## [Exercise details]
Write the records below out in full, character for character, with no pictures.

## [Data to examine]

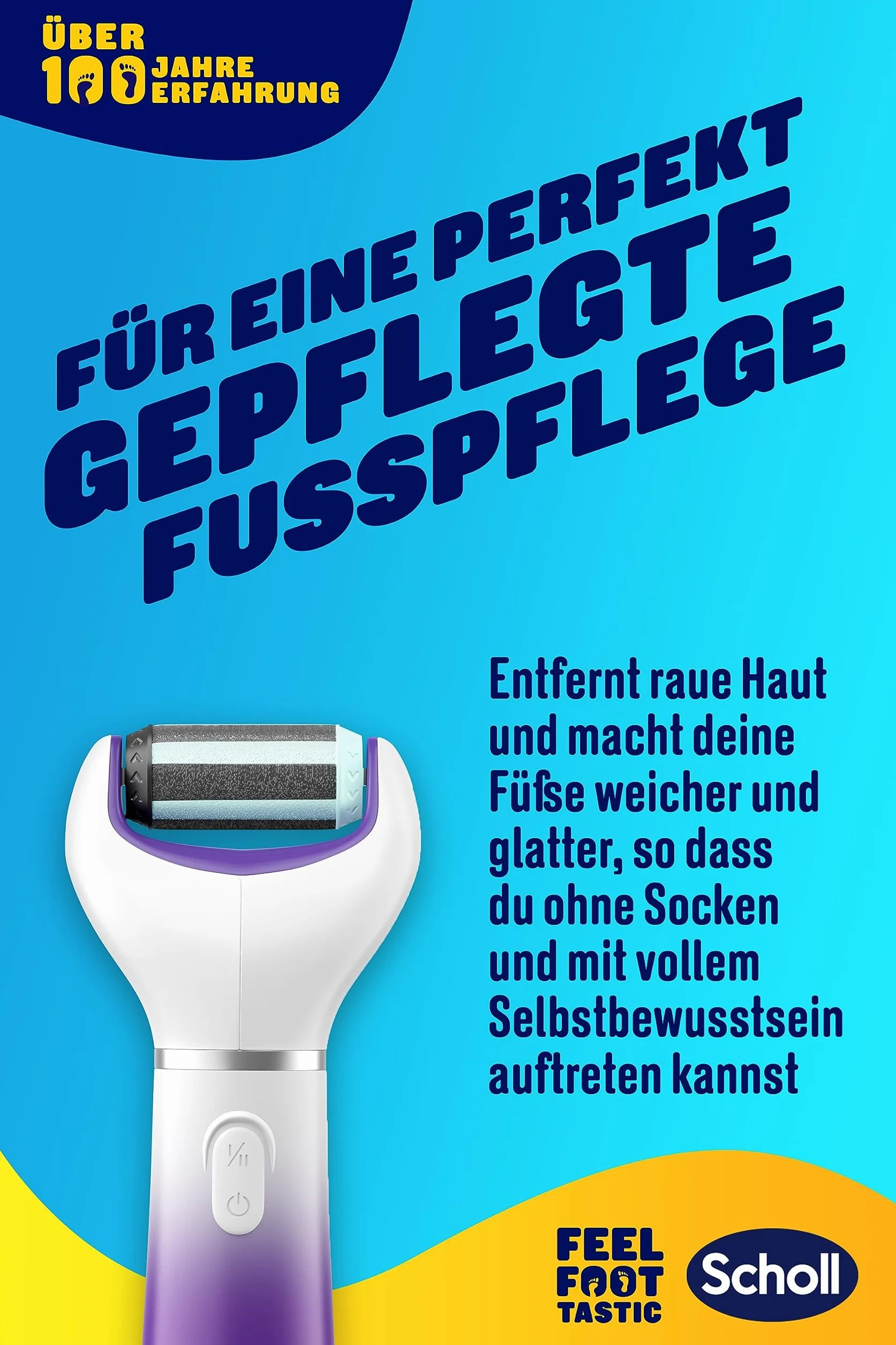 Scholl Expert Care 2 w 1 File & Smooth elektryczny przyrząd do usuwania zrogowaciałego naskórka, dla jedwabiście miękkich stóp, elektrycznie fioletowy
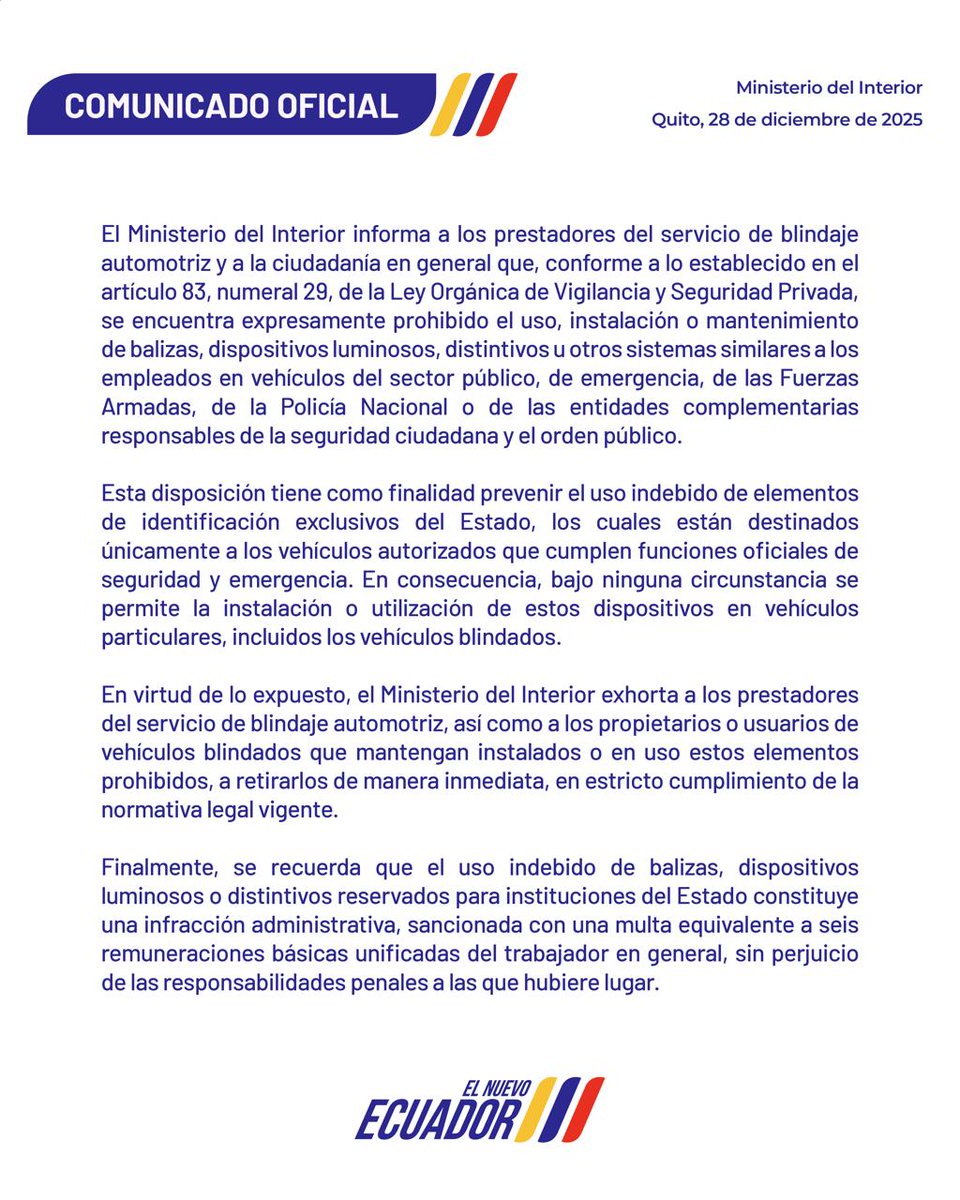 🚨 Atención! El Ministerio del Interior prohíbe el uso de balizas en vehículos particulares de:
- Empleados públicos
- Servicios de emergencia
- Fuerzas Armadas
- Policía
- Entidades de orden público

Uso indebido: multa de 6 SBU 💸 #SeguridadVial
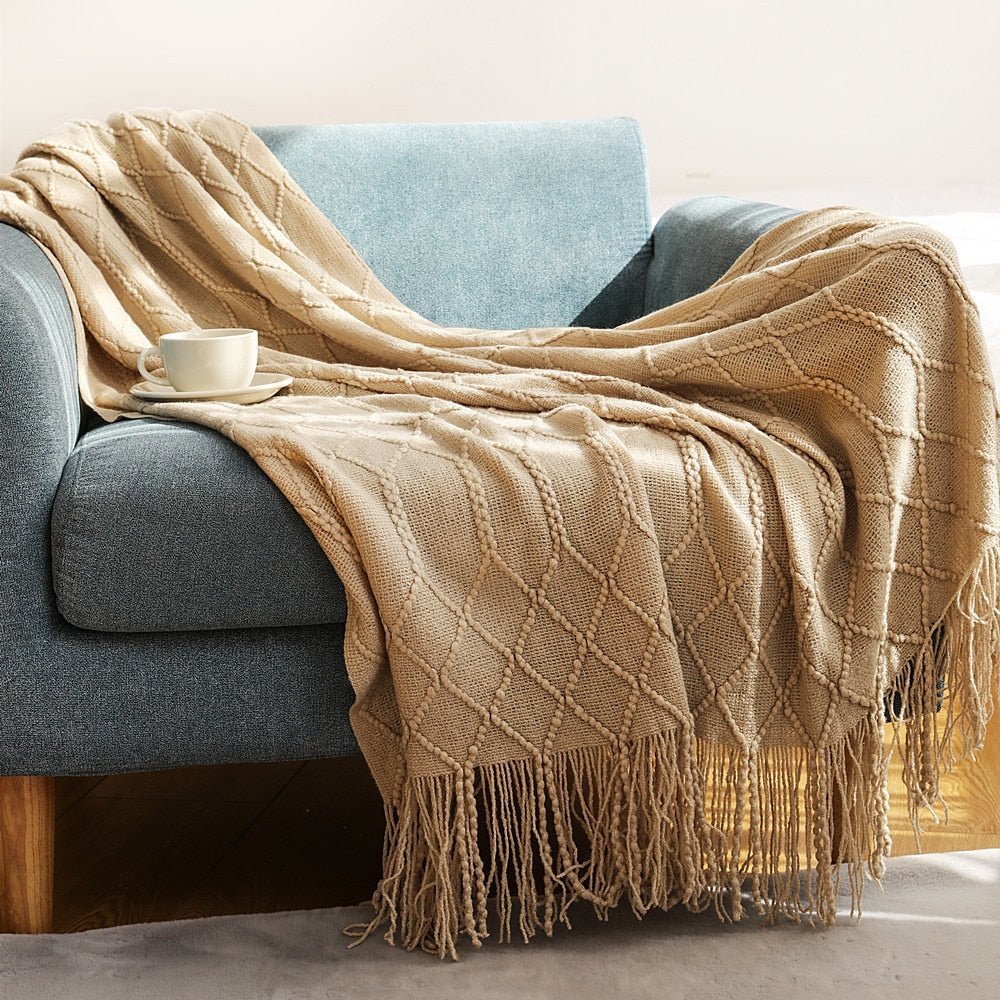 Knitted Sofa Blanket in Stylish Design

## [Answer box]
 Scholl Expert Care 2 w 1 File & Smooth elektryczny przyrząd do usuwania zrogowaciałego naskórka, dla jedwabiście miękkich stóp, elektrycznie fioletowy
 🚨 Atención! El Ministerio del Interior prohíbe el uso de balizas en vehículos particulares de:
- Empleados públicos
- Servicios de emergencia
- Fuerzas Armadas
- Policía
- Entidades de orden público

Uso indebido: multa de 6 SBU 💸 #SeguridadVial
 Knitted Sofa Blanket in Stylish Design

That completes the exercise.